## Abstract

We consider the problem of extracting a common structure from multiple tensor data sets. For this purpose, we propose multilinear common component analysis (MCCA) based on Kronecker products of mode-wise covariance matrices. MCCA constructs a common basis represented by linear combinations of the original variables that lose little information of the multiple tensor data sets. We also develop an estimation algorithm for MCCA that guarantees mode-wise global convergence. Numerical studies are conducted to show the effectiveness of MCCA.

## 1 Introduction

Various statistical methodologies for extracting useful information from a large amount of data have been studied over the decades since the appearance of big data. In the present era, it is important to discover a common structure of multiple data sets. In an early study, Flury (1984) focused on the structure of the covariance matrices of multiple data sets and discussed the heterogeneity of the structure. The author reported that population covariance matrices differ among multiple data sets in practical applications. Many methodologies have been developed for treating the heterogeneity between covariance matrices of multiple data sets (see, Flury, 1986, 1988; Flury & Gautschi, 1986; Pourahmadi, Daniels, & Park, 2007; Wang, Banerjee, & Boley, 2011; Park & Konishi, 2020).

Among such methodologies, common component analysis (CCA; Wang et al., 2011) is an effective tool for statistics. The central idea of CCA is to reduce the number of dimensions of data while losing as little information of the multiple data sets as possible. To reduce the number of dimensions, CCA reconstructs the data with a few new variables that are linear combinations of the original variables. For considering the heterogeneity between covariance matrices of multiple data sets, CCA assumes that there is a different covariance matrix for each data set. There have been many papers on various statistical methodologies using multiple covariance matrices: discriminant analysis (Bensmail & Celeux, 1996), spectral decomposition (Boik, 2002), and a likelihood ratio test for multiple covariance matrices (Manly & Rayner, 1987). It should be noted that principal component analysis (PCA) (Pearson, 1901; Jolliffe, 2002) is a technique similar to CCA. In fact, CCA is a generalization of PCA; PCA can only be applied to one data set, whereas CCA can be applied to multiple data sets.

Meanwhile, in various fields of research, including machine learning and computer vision, the main interest has been in tensor data, which has a multidimensional array structure. In order to apply the conventional statistical methodologies, such as PCA, to tensor data, a simple approach is to first transform the tensor data into vector data and then apply the methodology. However, such an approach causes the following problems:

In losing the tensor structure of the data, the approach ignores the higher-order inherent relationships of the original tensor data.
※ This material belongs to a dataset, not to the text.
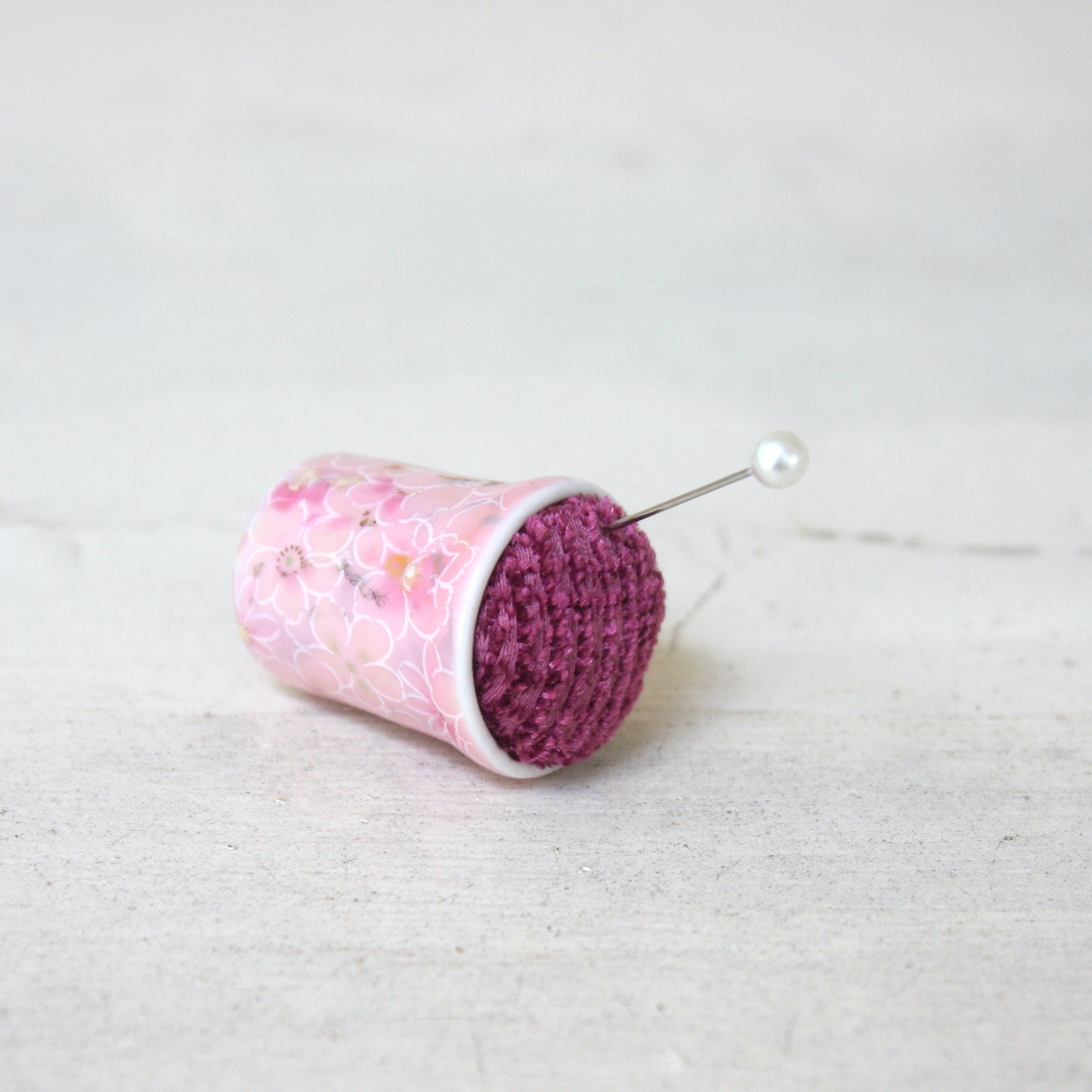 VINTAGE THIMBLE PINCUSHIONS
Transforming tensor data to vector data substantially increases the number of features. It also has a high computational cost.

To overcome these problems, statistical methodologies for tensor data analyses have been proposed that take the tensor structure of the data into consideration. Such methods enable us to accurately extract higher-order inherent relationships in a tensor data set. In particular, many existing statistical methodologies have been extended for tensor data, for example, multilinear principal component analysis (MPCA) (Lu et al., 2008) and sparse PCA for tensor data analysis (Allen, 2012; Wang, Sun, Chen, Pang, & Zhou, 2012; Lai, Xu, Chen, Yang, & Zhang, 2014), as well as others (see Carroll & Chang, 1970; Harshman, 1970; Kiers, 2000; Badeau & Boyer, 2008; Kolda & Bader, 2009).
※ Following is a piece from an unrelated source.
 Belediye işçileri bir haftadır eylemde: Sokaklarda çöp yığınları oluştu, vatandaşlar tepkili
In this letter, we extend CCA to tensor data analysis, proposing multilinear common component analysis (MCCA). MCCA discovers the common structure of multiple data sets of tensor data while losing as little of the information of the data sets as possible. To identify the common structure, we estimate a common basis constructed as linear combinations of the original variables. For estimating the common basis, we develop a new estimation algorithm based on the idea of CCA. In developing the estimation algorithm, two issues must be addressed: the convergence properties of the algorithm and its computational cost. To determine the convergence properties, we investigate first the relationship between the initial values of the parameters and global optimal solution and then the monotonic convergence of the estimation algorithm. These analyses reveal that our proposed algorithm guarantees convergence of the mode-wise global optimal solution under some conditions. To analyze the computational efficacy, we calculate the computational cost of our proposed algorithm.

The rest of the letter is organized as follows. In section 2, we review the formulation and the minimization problem of CCA. In section 3, we formulate the MCCA model by constructing the covariance matrices of tensor data, based on a Kronecker product representation. Then we formulate the estimation algorithm for MCCA in section 4. In section 5, we present the theoretical properties for our proposed algorithm and analyze the computational cost. The efficacy of the MCCA is demonstrated through numerical experiments in section 6. Concluding remarks are presented in section 7. Technical proofs are provided in the appendixes. Our implementation of MCCA and supplementary materials are available at https://github.com/yoshikawa-kohei/MCCA.

## 2 Common Component Analysis

*common component analysis*(CCA).

where $tr(\xb7)$ denotes the trace of a matrix. A crucial issue for solving the maximization problem 2.4 is the nonconvexity. Certainly the maximization problem is nonconvex since the problem is defined on a set of orthogonal matrices, which is a nonconvex set. Generally it is difficult to find the global optimal solution in nonconvex optimization problems. To overcome this drawback, Wang et al. (2011) proposed an estimation algorithm in which the estimated parameters are guaranteed to constitute the global optimal solution under some conditions.

## 3 Multilinear Common Component Analysis

In this section, we introduce a mathematical formulation of the MCCA, an extension of the CCA in terms of tensor data analysis. Moreover, we formulate an optimization problem of MCCA and investigate its convergence properties.

*multilinear common component analysis*(MCCA).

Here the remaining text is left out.